Article Via The Record

KITCHENER — Laurel McKellar placed her left hand on the big red button.

She was tense. She only had 15 seconds to prove her mettle.

“I don’t know if I’m fast enough,” said Themuseum’s senior director of exhibitions and program development on Monday afternoon.

A game of speed and touch was about to begin.

McKellar stood before an arcade-style Virtual Bitcoin Miner game on the third floor of the King Street museum.

She was poised to be a quick-draw demon for those 15 seconds, scouring block code for the right combinations to win coveted cryptocurrency as a reward in a whack-a-mole quarter-minute.

Of course, the curator was nervous. This wasn’t like playing “Sonic the Hedgehog” at home in Stoney Lake with her brother so many years ago.

There was unreal ethereal money at stake amid the quaint two-dollar bill artifacts of this Bank of Canada Museum travelling exhibit, called Decoding E-Money, that features coins and paper currency dating back two centuries.

The downtown museum was momentarily quiet and empty.

A yellow school bus full of field-trip kids had just left in a happy hullabaloo. It was just McKellar versus the dark, three-player machine now in a “Tron Legacy” backdrop.
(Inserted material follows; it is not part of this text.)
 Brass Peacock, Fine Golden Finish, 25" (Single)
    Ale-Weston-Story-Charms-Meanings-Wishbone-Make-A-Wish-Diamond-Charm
McKellar pursed her fingers into emu-beak formation and pecked away furiously. The video-screen clock began counting down.

New codes flashed each time McKellar punched the fat button, panning for bitcoin gold, that decade-old rebel currency that exists online beyond the control of the world’s national banks.

One bitcoin for her. Two. Three. If only her growing haul of the wildly fluctuating currency could jangle in her pocket.

“You can see it going up,” she said excitedly.

Time ran out on McKellar even if the exhibit and the Bitcoin Miner simulation continue their stay at Themuseum until September.

“I only won four …” McKellar said. “I just did it with a colleague and she was winning eight. So I don’t think I’m very fast at all.”

But four bitcoins are four bitcoins. Don’t spend it all in one place.